At this time he had not had any communication in respect of the referral and so attended the Accident and Emergency Department at Warrington Hospital. David was admitted for review by the vascular team and on April 7, 2023, and investigations confirmed chronic limb threatening ischaemia in both of David's legs in the context of peripheral vascular disease, at which time, surgical treatment options including revascularisation and endovascular were considered appropriate.

In the weeks that followed, David's wounds rapidly worsened, but he was not reviewed by the tissue viability nursing team as no referral had been actioned. By the time he was seen by a surgeon on April 21, he condition of his leg had deteriorated to the point of ischaemic gangrene which had become so severe that he required an above the knee amputation as his leg was beyond repair.

He was transferred to the Countess of Chester Hospital on April 26 for surgery where it was noted that he had already started to develop deep tissue injury to his hip and buttocks. In the weeks that followed, amputation surgery was completed along with bypass surgery for revascularisation of his lower limbs.

David continued to lose weight and experience difficulties with his skin integrity. He required 24 hour nursing care and was transferred to Green Park Nursing home to enable his wounds to heal with a view to his care eventually being moved back into the community.

The inquest took place at Warrington Coroners Court -Credit:Google
The inquest took place at Warrington Coroners Court -Credit:Google

Whilst at Green Park, David gained weight and some of his wounds improved, however by the end of September, David was struggling to manage his pain, he looked pale and tests indicated that he had developed an infection. On September 30, 2023, David was admitted to Warrington Hospital with a diagnosis of infected ulcers and osteomyelitis.

He did not respond to treatment and so palliative care commenced, following which, his condition deteriorated and he died in hospital on October 7, 2023. Following an inquest into David's death in May this year, Charlotte Keighley, Coroner for Cheshire, concluded that David 'died as a consequence of naturally occurring disease contributed to by malnutrition and in part by a delay in the initial diagnosis and treatment of peripheral vascular disease'.

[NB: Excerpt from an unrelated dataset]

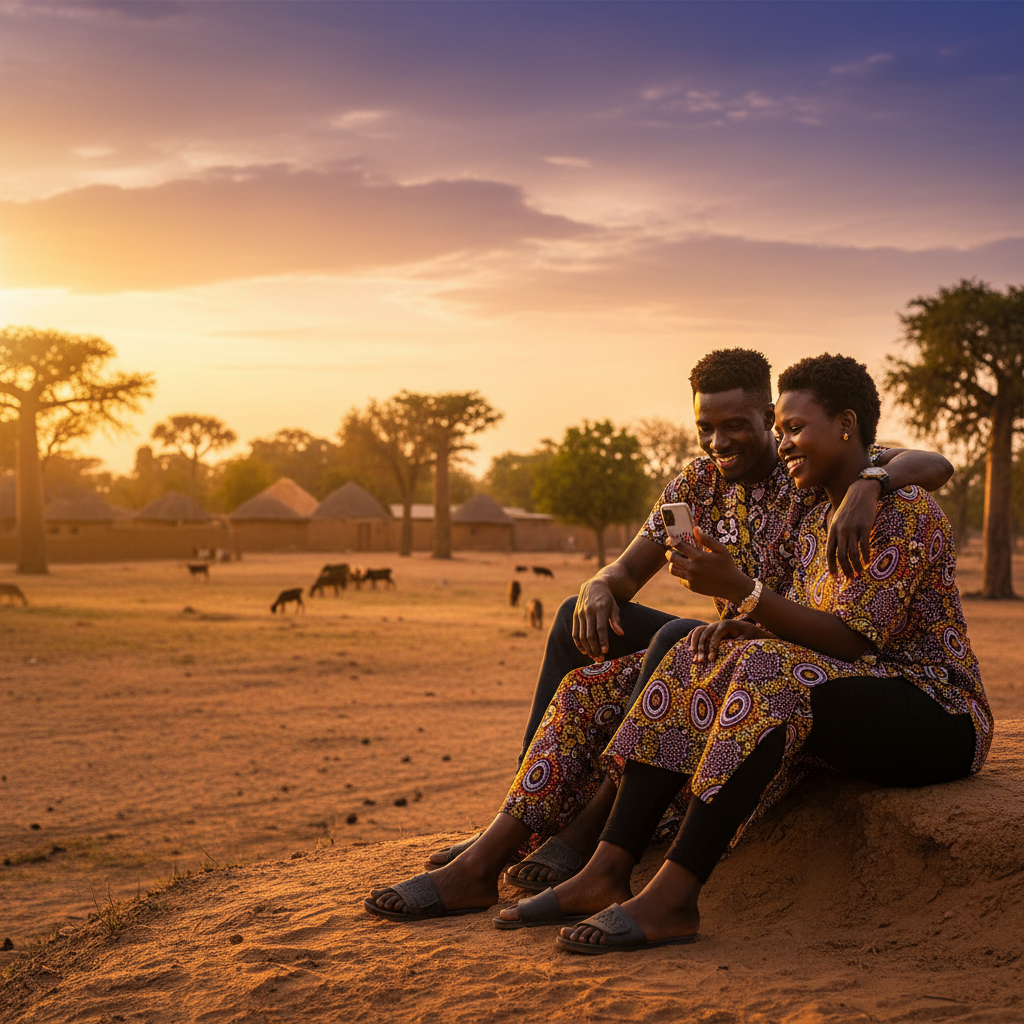 Burkina Faso couple using dating app horizontal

Ms Keighley raised concern over the failure to note the red flags which were visible on the x-ray and has written to Warrington Hospital to ask for changes to be made in order to prevent future deaths. Ms Keighley said: "Further information was provided to me in writing from a Consultant in Emergency Medicine and a Consultant Radiologist, as to why the vascular calcification was not recorded in the original x-ray report.

"I was informed that this was because blood vessel calcification can be a normal age related finding and the calcification was of minimal vascular calcification which could be normal. I am concerned that a finding that 'could be normal' and so conversely 'could be abnormal' was not recorded.

"I am further concerned that something of this nature would not be expected to be noted in the x-ray report - it appearing to be considered standard practice for it not to be reported by both a Consultant in Emergency Medicine and Consultant Radiologist within Warrington Hospital. This does not appear to be consistent with expected standards and poses a risk that future deaths may occur."

Dr Paul Fitzsimmons, Executive Medical Director at Warrington and Halton Teaching Hospitals NHS Foundation Trust said: "We wish to offer our sincere condolences to Mr Scott's family for their loss. Our focus is always to provide the best possible care for patients. We are committed to ensuring we implement any changes that are required to improve patient safety across the organisation."